25 de octubre 2001 - 00:00

Una postal de Nueva York más nostálgica que emotiva

El secreto de un poeta.
"El secreto de un poeta".
Si «Los impostores» resultó mucho más insustancial que la excelente «Big Night», en su tercer film, Stanley Tucci peca, por lo menos, de pretencioso. Los personajes y situaciones reales que evoca «El secreto del poeta» son verdaderamente atractivos y, de antemano, parecían material idóneo para un director como Tucci, fascinado con «todo: la música, la política, el estilo general» de los Estados Unidos de las décadas del '40 y '50, además de tener dos artistas -posiblemente-fracasados en el centro de la anécdota, como en sus dos películas anteriores.

La base del guión son los textos que escribió y publicó en 1942 el escritor de «Perfiles» de la revista «The New Yorker» Joe Mitchell sobre Joe Gould, un extravagante pordiosero alguna vez graduado en Harvard que decía estar escribiendo la más completa «Historia oral de nuestro tiempo», mientras sobrevivía en las calles de Nueva York a como diera lugar, frecuentaba de igual a igual a glorias literarias de la época ( Ezra Pound, E.E. Cummings) y recogía contribuciones para una presunta «Fundación Gould» entre galeristas top ( Vivian Marquie) o artistas plásticos de más o menos renombre ( Alice Neel, Gaston Lachaise).

Contraste

El mismo Tucci encarna bien a Mitchell, un típico sureño gentil y tímido al punto de no poder terminar debidamente una frase («por suerte escribe mejor de lo que habla», le dice su editor); un hombre meticuloso, de vida familiar rutinaria y con evidentes pretenciones literarias que sólo trascendieron en sus artículos para «The New Yorker», recogidos en un volumen que incluían los dos sobre Gould. Frente a él está Ian Holm (el estupendo actor inglés visto también en «Big Night») esforzándose con éxito por darle a su «homeless» ilustrado los contrastes precisos entre el genio loco, la sofisticación intelectual y la chantada, sin precipitarse en la caricatura. El resto de los actores (entre ellos, Susan Sarandon con un pequeño papel) sólo ofician de narradores de la vida de Gould que el periodista fue recogiendo en los 10 años que le llevó descubrir el decepcionante «secreto» del objeto de su obsesión.

Pintada la época -de forma impecable, como ya es característico en Tucci-, y presentados los personajes, lo difícil era volver interesante para el espectador la relación especular entre Mitchell y Gould, dos individuos muy diferentes a los que el director quiso convertir en alter egos.
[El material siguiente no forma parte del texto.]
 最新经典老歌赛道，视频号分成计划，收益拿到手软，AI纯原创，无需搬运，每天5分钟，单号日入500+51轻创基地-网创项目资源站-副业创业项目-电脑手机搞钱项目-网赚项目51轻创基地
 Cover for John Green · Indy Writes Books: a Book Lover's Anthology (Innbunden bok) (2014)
Como para subrayarlo, en una escena se muestra al reportero en una fiesta contando como propio un argumento sospechosamente parecido a la mítica «Historia oral» ajena.

El problema es que decir esto le lleva a
Tucci buena parte de un film que, aunque agradable de ver, deja pensando si no hay mucha condescendencia con los personajes y, sobre todo si no habría hecho falta algo más de emoción. En pocas palabras, no bien se sabe quién es quién, todo empieza a resultar ajeno, distante, casi como si se estuviera frente a una vieja, nostálgica postal.